Audit Kerugian Negara Korupsi BM Dobo Diragukan

ILUSTRASI

KABARTIMURNEWS.com, AMBON - Mantan Kepala Cabang Bank Maluku Dobo Kabupaten Aru Aminadab Rahanra (47) kembali disidang, kali ini menghadirkan saksi ahli auditor BPK RI. Menariknya, tim penasehat hukumnya menilai kerugian negara belum tuntas dihitung oleh auditor tapi berani menyatakan kerugian sebesar Rp 3 miliar lebih.

“Riil nilai kerugian negaranya ada, tapi secara logika proses menghitungnya belum klir,” ujar penasehat hukum (PH) terdakwa, Ode Abdul Mu’min SH di Pengadilan Negeri Ambon Kamis (15/8) usai persidangan.

Ode Abdul beralasan, semua keterangan saksi ahli BPK bernama Jetno itu mengungkap fakta kalau tim auditor tidak menghitung secara detil uang yang mana pada bank mengalami kekurangan karena dipakai oleh terdakwa untuk kepentingan pribadi.

“Riil catatan nilai kerugiannya ada, tapi uang yang mana, itu auditor tidak tau,” ujarnya.

Pantauan Kabar Timur di persidangan, majelis hakim yang dipimpin Jimy Waly beberapa kali membantu memperjelas tujuan pertanyaan tim PH yang ditujukan ke Jetno. Yang mempertanyakan metode menghitung kerugian negara yang dipakai tim auditor BPK RI.

Jetno menjelaskan panjang lebar proses penghitungan tersebut. Namun dia tidak secara detil menyebutkan uang yang mana pada bank yang diduga hilang atau dipakai oleh terdakwa.

Majelis terlihat heran, darimana BPK mendapatkan nilai kerugian negara sebesar Rp 3.110 miliar yang merupakan hasil audit tahun 2018 untuk perkara ini.

“Coba saudara ahli menjelaskan seperti apa rumus yang dipakai sehingga BPK declare (nyatakan) angka kerugian negaranya Rp 3 miliar lebih itu,” pinta hakim anggota Jefta Sinaga SH dengan nada tak sabar.

Namun, ahli BPK ini tidak menjelaskan sesuai permintaan hakim Jefta Sinaga.
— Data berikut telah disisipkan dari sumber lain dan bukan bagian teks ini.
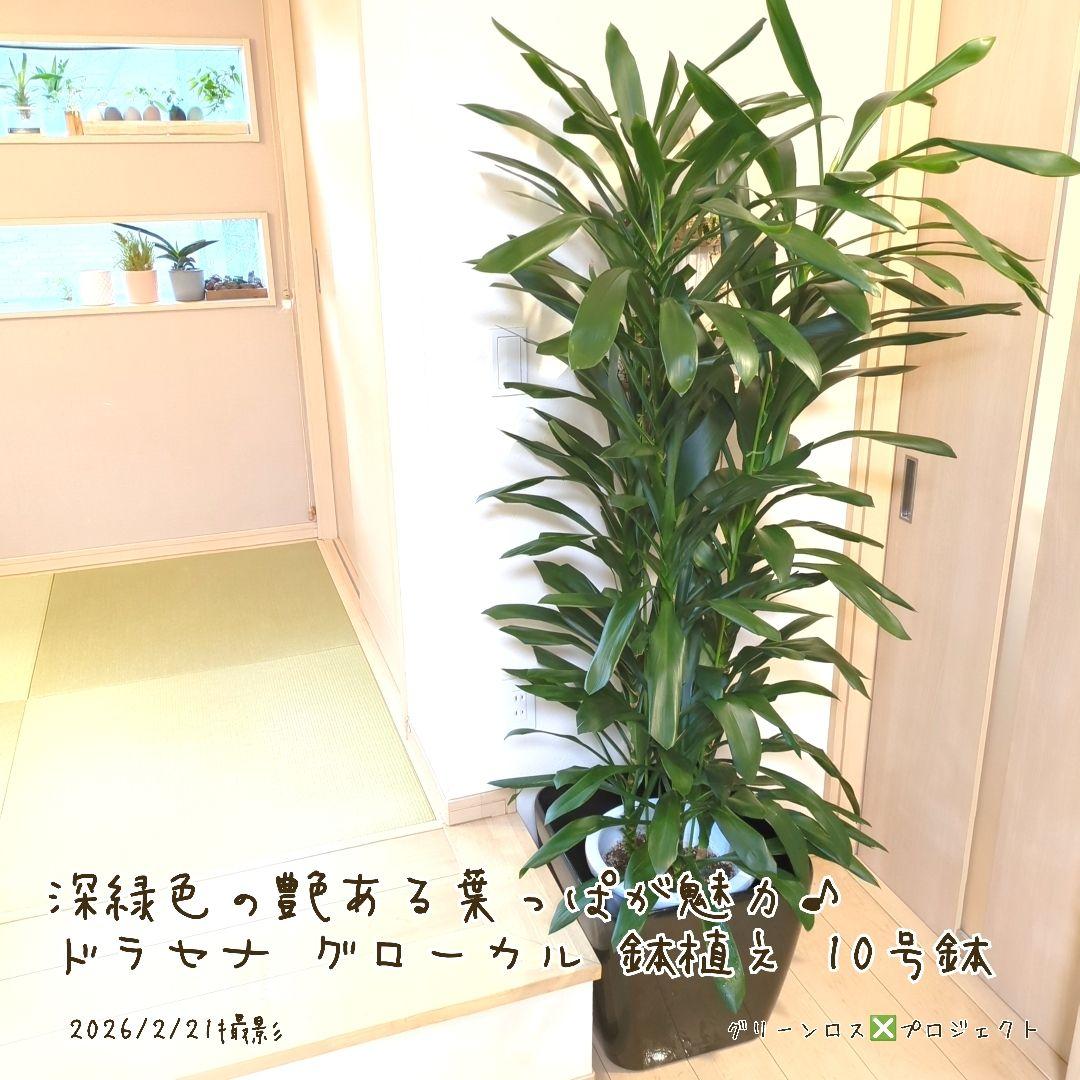 【B級品/大型観葉植物】深緑で艶ある葉っぱが魅力♪ドラセナグローカル鉢植え10号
Dia kembali mengulang penjelasan sebelumnya, proses audit tim BPK hanya berdasarkan permintaan penyidik Polda Maluku.

Dengan melakukan klarifikasi atau meminta keterangan sejumlah pihak di manajemen PT Bank Maluku-Malut maupun pegawai cabang bank ini di Dobo. Dan dari manajemen bank yaitu data fraud pada Satuan Kerja Audit Intern (SKAI) PT Bank Maluku-Malut.
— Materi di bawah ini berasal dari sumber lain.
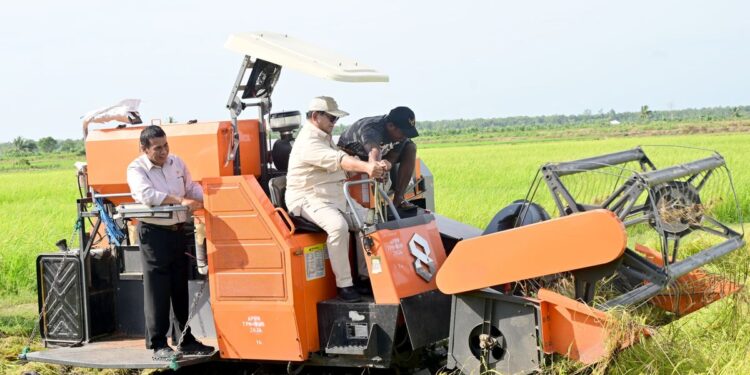 Hilirisasi Komoditas Pertanian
“Data dari SKAI itu hanya salah satu referensi yang mulia. Masih ada yang lain, keterangan beberapa pihak, dokumen-dokumen, catatan-catatan,” akui Jetno.

Kepada Kabar Timur, tim penasehat hukum terdakwa lainnya, Joemicho Syaranamual menilai perkara ini terkesan dipaksakan oleh pihak bank untuk dipidana.Padahal dalam laporan keuangan PT Bank Maluku-Malut menyatakan bank tidak mengalami kerugian apa-apa dalam laporan tahun 2011-2012 itu.

Kalau pun kebocoran terjadi, kata dia, mestinya yang bertanggungjawab adalah organ Rapat Umum Pemegang Saham (RUPS) bank tersebut. Dikarenakan laporan itu sudah disetujui oleh RUPS.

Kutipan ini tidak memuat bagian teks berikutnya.